Usually, the focus of a hotel is on the hotel bit: namely, the bedrooms, the décor, the room service, menu-order pillows, fluffy white dressing gowns, impressively large bathtubs, a good selection of TV channels. Of course. Hotels are, after all, in the business of sleep – they’re where we go to wind down, to lie in.

Fishmore Hall, Ludlow, however, is different. It is not a hotel people go to for the hotel bit (though, yes: of course, people do sleep at Fishmore too – they’ve got all the fluffy slippers, dressing gowns, oversized bath tubs, pillow menus and this and that). But, no one goes to Fishmore Hall just for sleep. No. People go to Fishmore for the food. The exquisite, gourmet, delicious food, by head chef, David Jaram. And that is exactly why I am here.

 

 

Before moving into the dining room however, I will briefly touch upon the bedroom. Spacious, yet still cosy, tall windows with pretty country-side views, a nescafe coffee machine, the option of having hot cookies brought up, clipper tea (I’m somewhat of a clipper tea aficionado), a huge, luxurious bed with soft linen, little white slippers, free wifi – everything one could possibly want in a hotel room. However, I have one qualm. The whole room is open plan, including the bathroom; the bath is just a few metres away from the bed and the toilet is behind just a free standing wall, with no doors on either end. It’s a bit of a strange arrangement, I must say, but I don’t mind it too much (just turn the TV up and have the coffee machine on when your partner goes to the toilet!).

Having only eaten toast for breakfast followed by a chain of coffees and a non-descript sandwich during my just-gone-by day in Shrewsbury (just under an hour away from Ludlow), I am, by the time we go down to be seated for dinner, quite hungry. The restaurant, Forelles, is unassuming and quiet, with a modest, but beautifully considered décor (my partner notices that even the fire door handles are uncharacteristically aesthetically pleasing). Before our first course, we are treated to a small entrée. I enjoy the sun-blushed tomato oil on crisp bread, dipped in hummus, crunching away un-elegantly. Upon waiting for our starters, I take the small pot of hummus to my place-setting and, whilst avoiding the eye-line of the reflection of a waiter (serving another couple), scoop out what’s left with my little finger. Yes, very unglamorous. But, for hummus this good, it just has to be done. Unexpectedly, before the starter, we are given not only hot, fresh bread (with perhaps the most mouthwateringly salty butter I’ve ever tasted), but also a small amuse-bouche: a white truffle, corn and beetroot soup – sweet, light and more-ish. A little teasing for the hungry stomach.

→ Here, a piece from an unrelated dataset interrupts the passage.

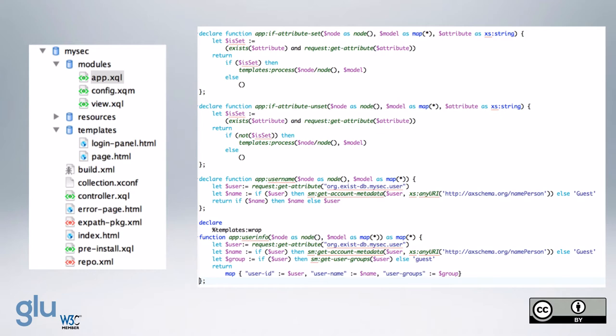And so the first is, if an attribute is set, and so it checks to make sure that the attribute exists and also if the attribute name exists and it is on the request. And so if it's set, we process the contents, and the following is,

My starter is beautifully presented: bright green watercress soup, with halved boiled egg and a golden flourish of saffron in the centre. It doesn’t look like this for long, however. With a spoon in my hand, I take to the light challenge of destroying it. The flavours in this dish create a very unusual combination, each element being very light and delicate in taste, but surprisingly, it works quite magnificently. My partner’s pigeon starter is gone in an instant over exclamations of enjoyment.

For my main, I decide to be boring and pick a simple butternut squash and wild mushroom lasagna. I start to regret this, however, when my partner’s mackrel with cucumber sorbet comes to the table, stunningly presented in little bite-size clusters across the plate. My mind’s imagining of what my lasagna will look like, however, (standard pasta sheets with butternut squash and mushroom instead of the usual mince-meat filling) proves to be quite different to the one I am served… The top layer is an egg white foam with a spherical tip of butternut squash puree, all in the shape of a cracked egg. Beneath the foam is a whole poached egg, perfectly soft in the centre. The yolk pours out and spills across the lasagna sheets beneath which are not made from pasta, but are, rather, thinly sliced sheets of butternut squash. In between these orange layers are tenderly cooked wild mushrooms and , to top off the whole dish, are crispy, cooked, salted sage leaves. There aren’t really any words that can adequately sum up the tastes and textures of this dish. At lack of better word: delicious… divine.

I finish with a bread and butter pudding soufflé. Perfectly formed, like a cloud in a ramekin, with a side of tonka bean ice-cream. The soufflé is so light that, as I pierce it with my fork, there is the sound of tiny bubbles popping. My partner has the ten-cheeses cheese board, and impressively manages to finish it. We retire to our room quite satisfied. An absolutely remarkable dinner, worth travelling to Ludlow for to indulge in. Just five minutes after eating, I sprawl across the bed snuggled up in a big fluffy dressing gown with a clipper tea in my hand, in a post-dinner stupor. Whereby, usually, a hotel has a restaurant, it is the other way around here at Fishmore hall. Here, Forelles restaurant has a hotel.